March 1 (UPI) -- The European Court of Auditors warned Monday of risks related to 5 billion euros in reserve funding allocated to member states to mitigate the negative economic impact of Brexit.
The warning came in an opinion the ECA published Monday on recent Brexit Adjustment Reserve proposal related to the trade agreement based on Britain's withdrawal from the European Union. The ECA warned of uncertainty and risk related to spending on measures that may not be eligible for reimbursement or may not achieve their intended objective.
The European Commission proposed at the time that the BAR be used to support areas "most severely affected" by Brexit through two rounds of allocations totally 5 billion euros.

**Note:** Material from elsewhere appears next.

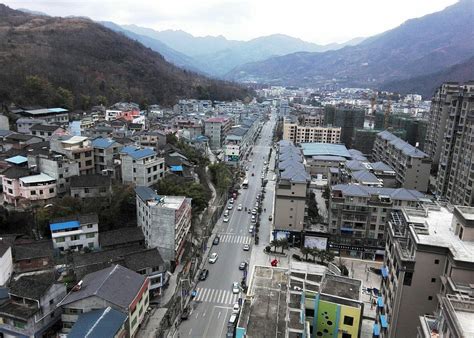 四川绵阳梓潼县10亩住宅用地整体转让-绵阳市土地转让-3fang土地网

The first allocation this year would consist of 4 billion euros in pre-financing, with Ireland, Netherlands, and Germany receiving some of the largest allocations based on trade and fish caught in Britain's exclusive economic zone, the proposal shows.
Member states would have until Sept. 30, 2023 to apply for a contribution from the second allocation based on any expenditures exceeding the pre-financing amount.
"The BAR is an important funding initiative which aims to help mitigate the negative impact of Brexit on the EU member states' economies," European Court of Auditors member Tony Murphy said in a statement. "We consider that the flexibility provided by the BAR should not create uncertainty for member states."
The ECA said flexibility can help governments "react quickly to changing circumstances and counter the negative effects of Brexit more effectively," but voiced concern that it was too broad.
"The flexibility provided by the BAR -- in particular the absence of a requirement for member states to officially inform the commission which regions, areas and sectors may be most affected and describe which measures will be funded prior to the allocation of pre-financing -- creates a number of risks associated with the lack of certainty," the ECA wrote.
"The BAR might be used to support measures that are not eligible, so that the commission would not subsequently reimburse costs to member states."